Wusthof's Gourmet product line, with thinner stamped steel blades of high quality Solingen stainless alloy, yields versatile knives that are light weight and well balanced, as is this 7" Gourmet Santoku. Without the heft of the heavier forged products for which Wusthof is best known, this Santoku retains many of the best features.
Rather than having a solid forged bolster, the front section of the handle dips low enough to provide excellent finger protection without getting in the way of either slicing or sharpening. Multiple hollow grinds on both sides of the blade reduce friction during cutting and provide slight air pockets that let slices of food fall away from the steel.
This Santoku is flexible yet sturdy, and you should be able to use it for many of the lighter tasks a chef's knife would perform, with higher efficiency and less fatigue. The steel in this blade is tough, but tempered soft enough that it won't chip.

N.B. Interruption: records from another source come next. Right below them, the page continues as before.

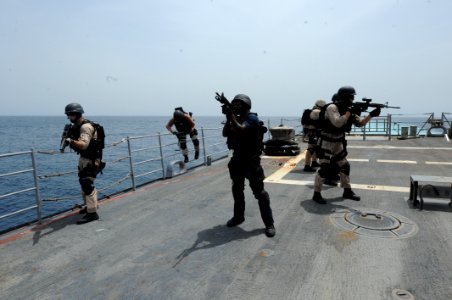 US Navy 100821-N-6463B-485 Visit, board, search and seizure team members maintain security positions on the fantail aboard USS Princeton (CG 59) during a mock boarding operation in the Red Sea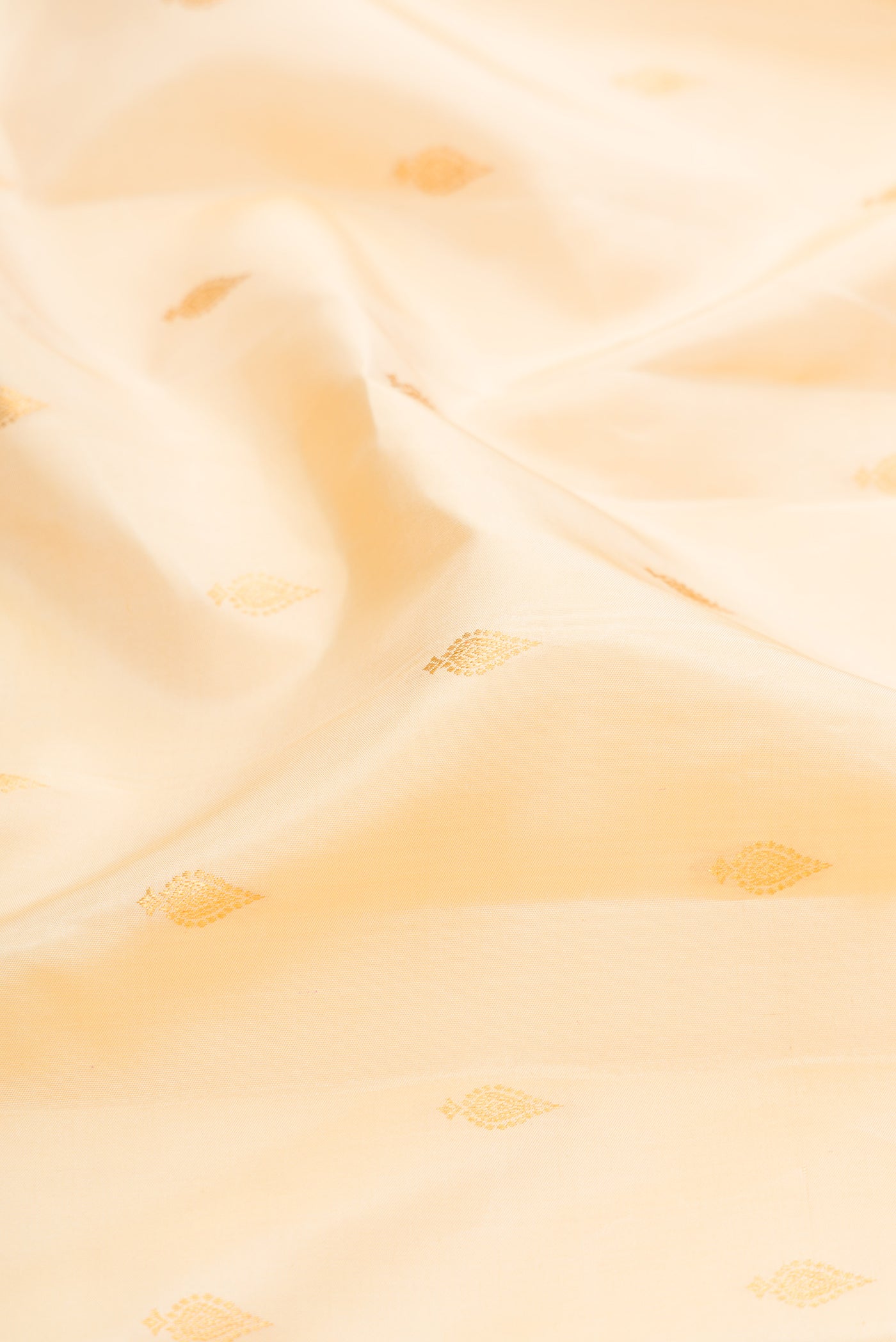 Close up of Sandal Kanjivaram Silk Saree with Zari Butta on the body and Zari Border.  displaying folds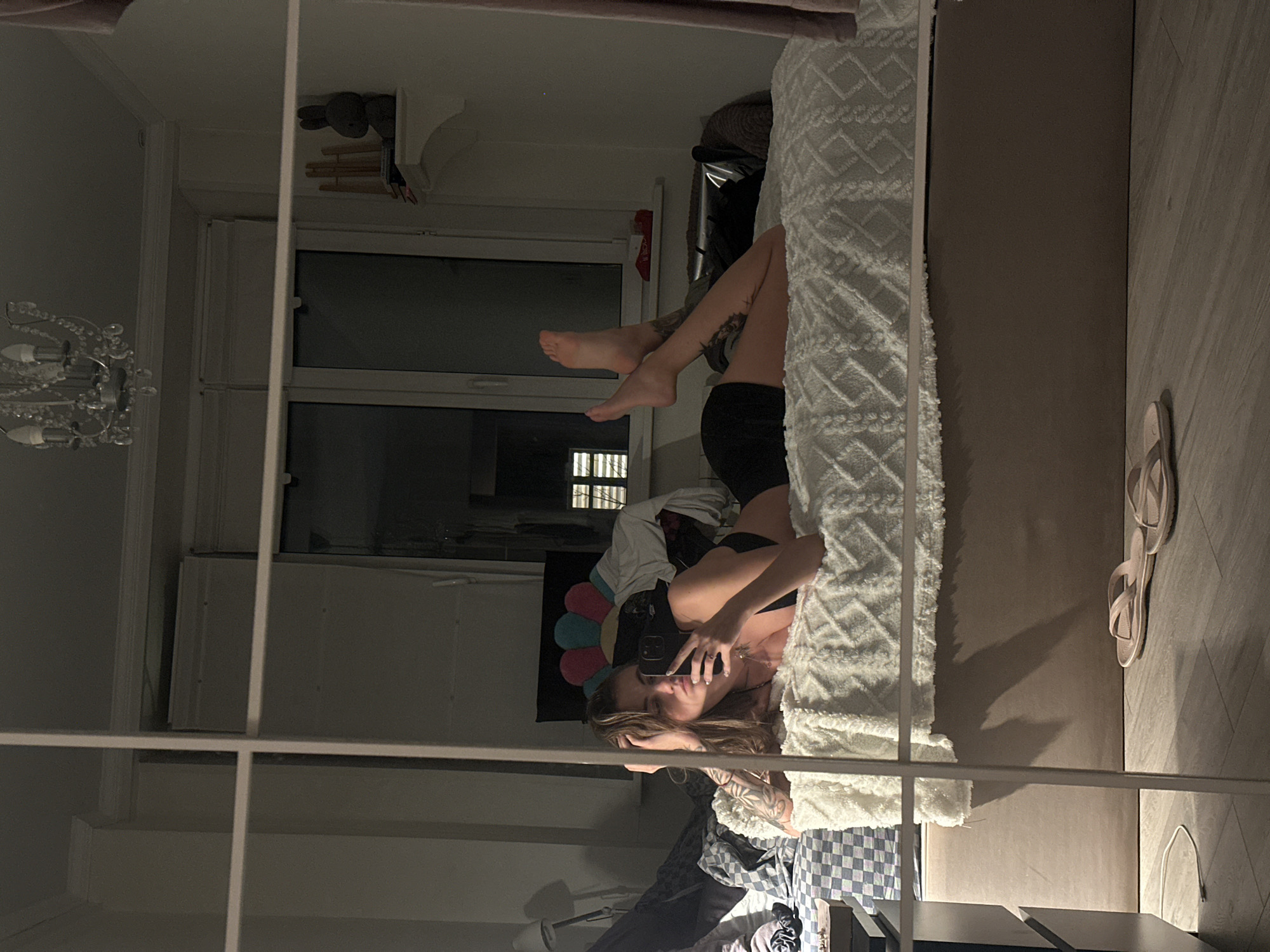 A young woman with light brown hair and tattoos on her arm is lying on a bed in a room, holding a smartphone to take a selfie in a mirrored closet door. She is wearing a black bra and black shorts. The bed is covered with a white textured comforter. In the background, a window, a chandelier, and a stuffed animal on a shelf are visible. The floor is made of light-colored wood, and a pair of pink sandals are on the floor. The overall lighting suggests it is evening.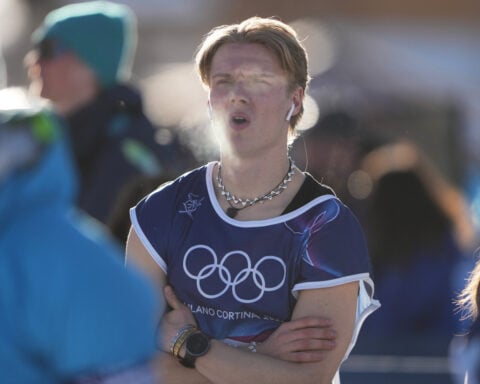 Olympic slopestyler shows some skin, skis down the mountain in a tank top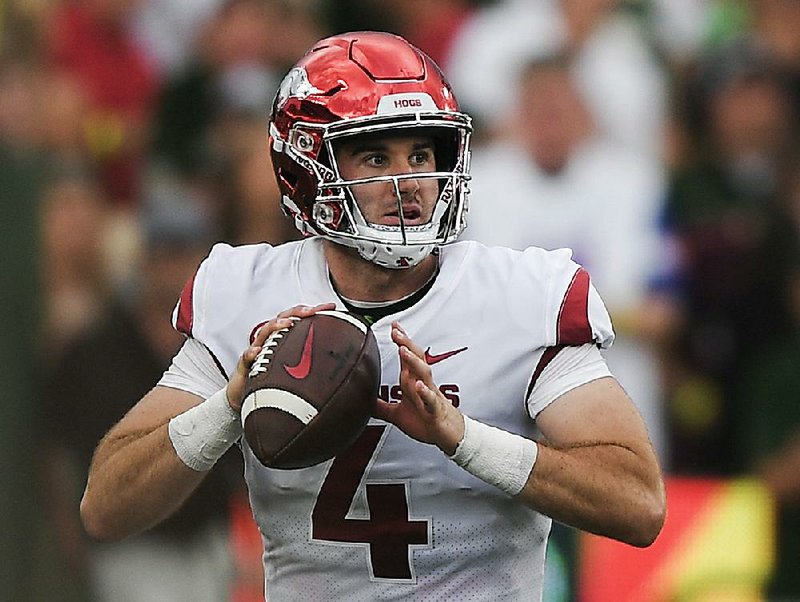 NWA Democrat-Gazette/CHARLIE KAIJO Arkansas Razorbacks quarterback Ty Storey (4) looks for a receiver during the second quarter of a football game, Saturday, September 8, 2018 at Colorado State University in Fort Collins, Colo. 

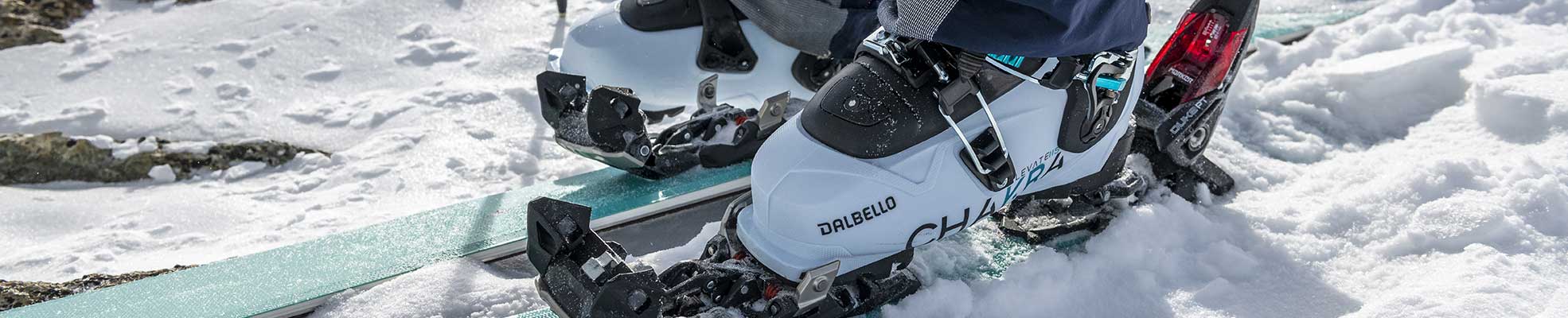 paid of ski boots clipping into ski bindings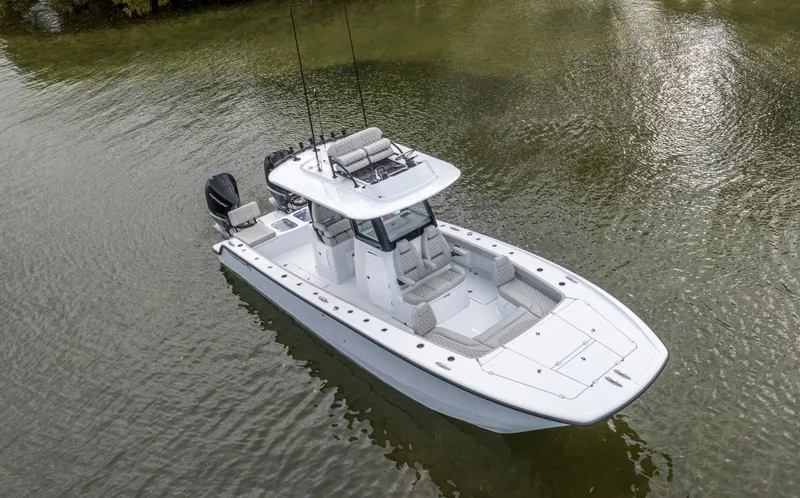 Slide: The Image of 2024 Freeman 28 boat on calm water. - 10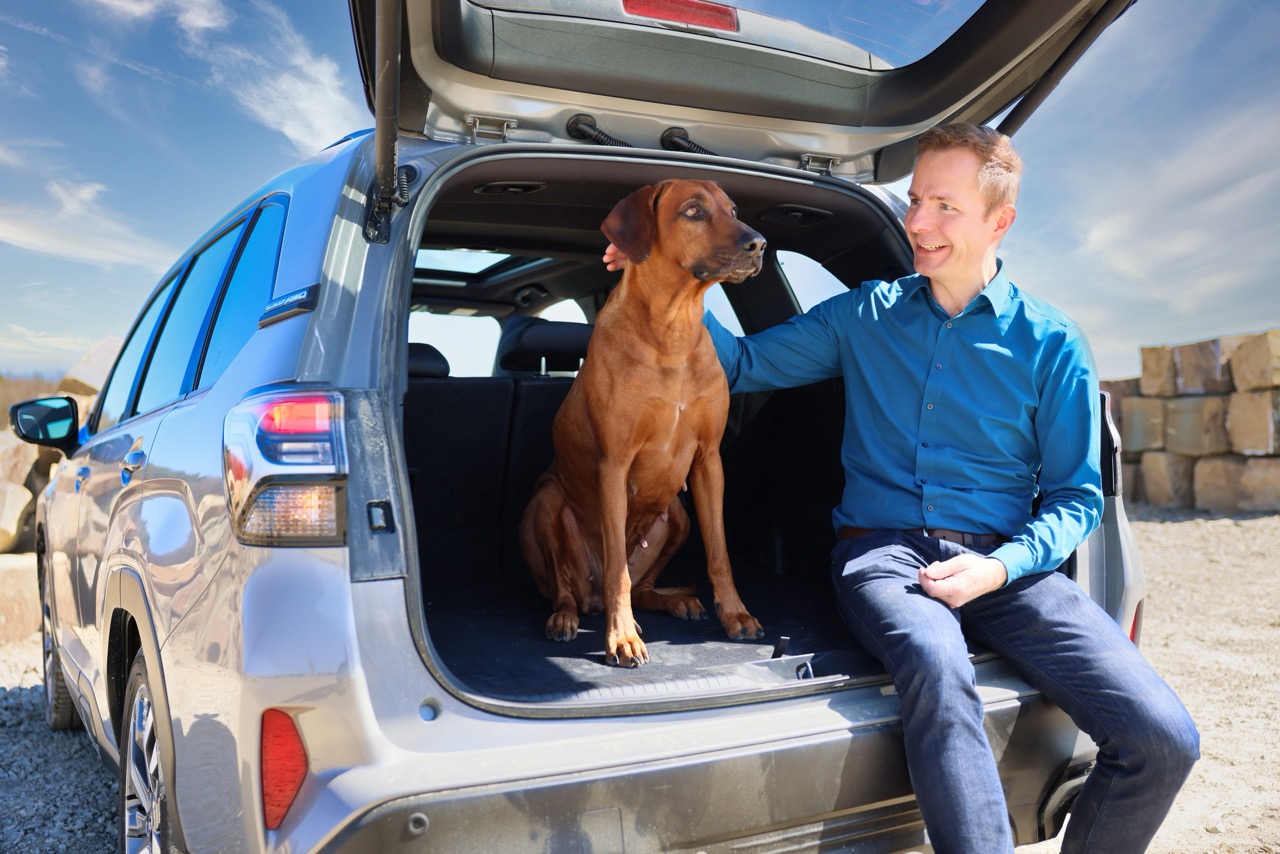 Mann sitzt im Kofferraum seines Autos und streichelt einen Hund bei sonnigem Wetter.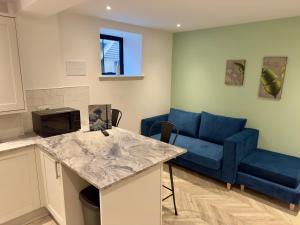 un salon avec un canapé bleu et une cuisine dans l'établissement Fletcher - A Converted Church Luxe Apartment, à Gillingham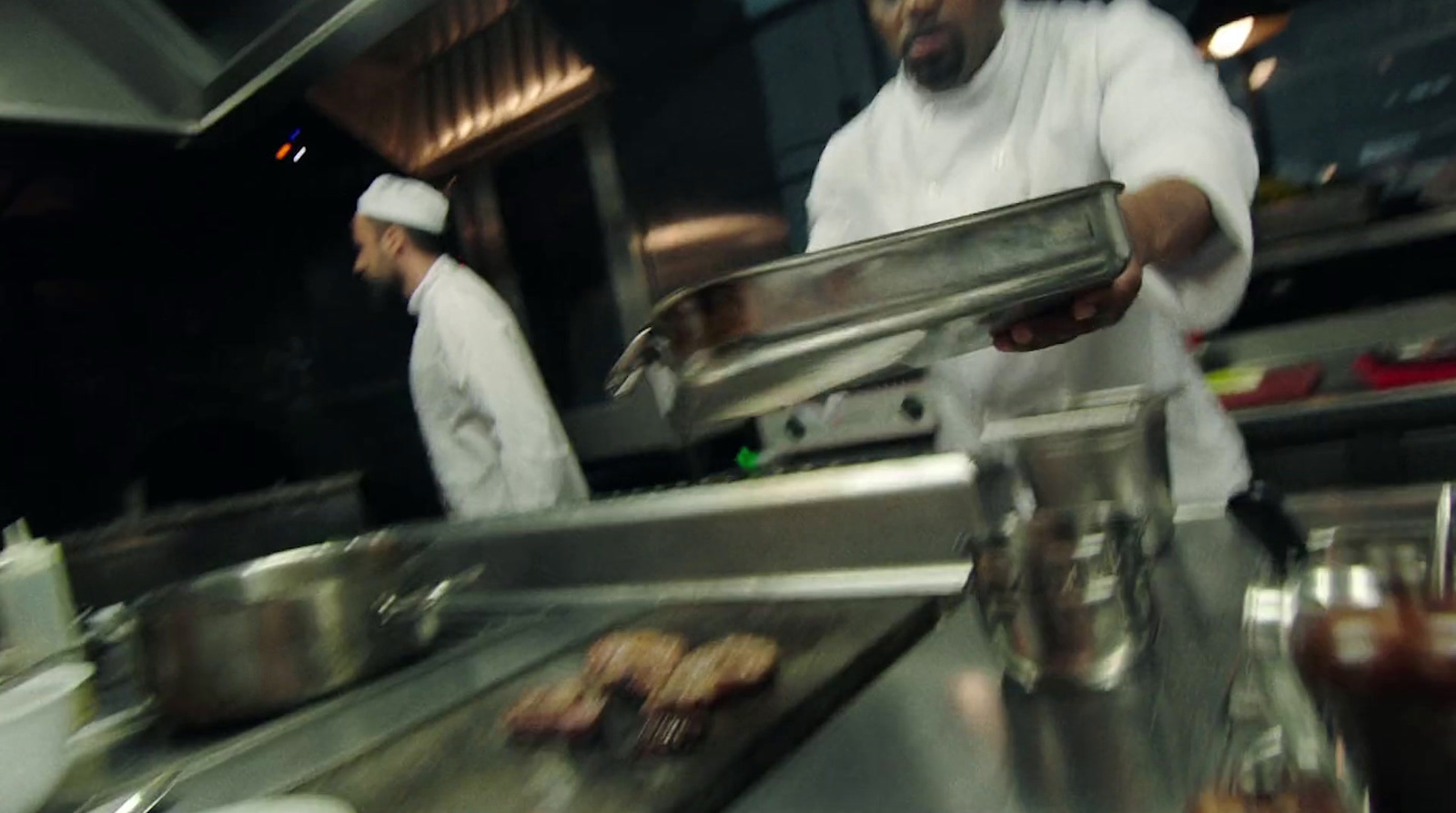 two chefs are preparing food in a kitchen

That makes the knife serviceable for many tasks Western chefs will do by habit, but if honed too thin the edge will tend to roll. Wusthof knives are built to carry a less acute bevel than Japanese blades, so don't overdo it when you restore the edge.
Honing with a sharpening steel before use is as much as this knife should usually require, so long as it isn't used for heavy chopping. The triple riveted slab handle and the stain free blade are dishwasher safe, but should be washed and dried by hand to extend the lifetime of finish and edge.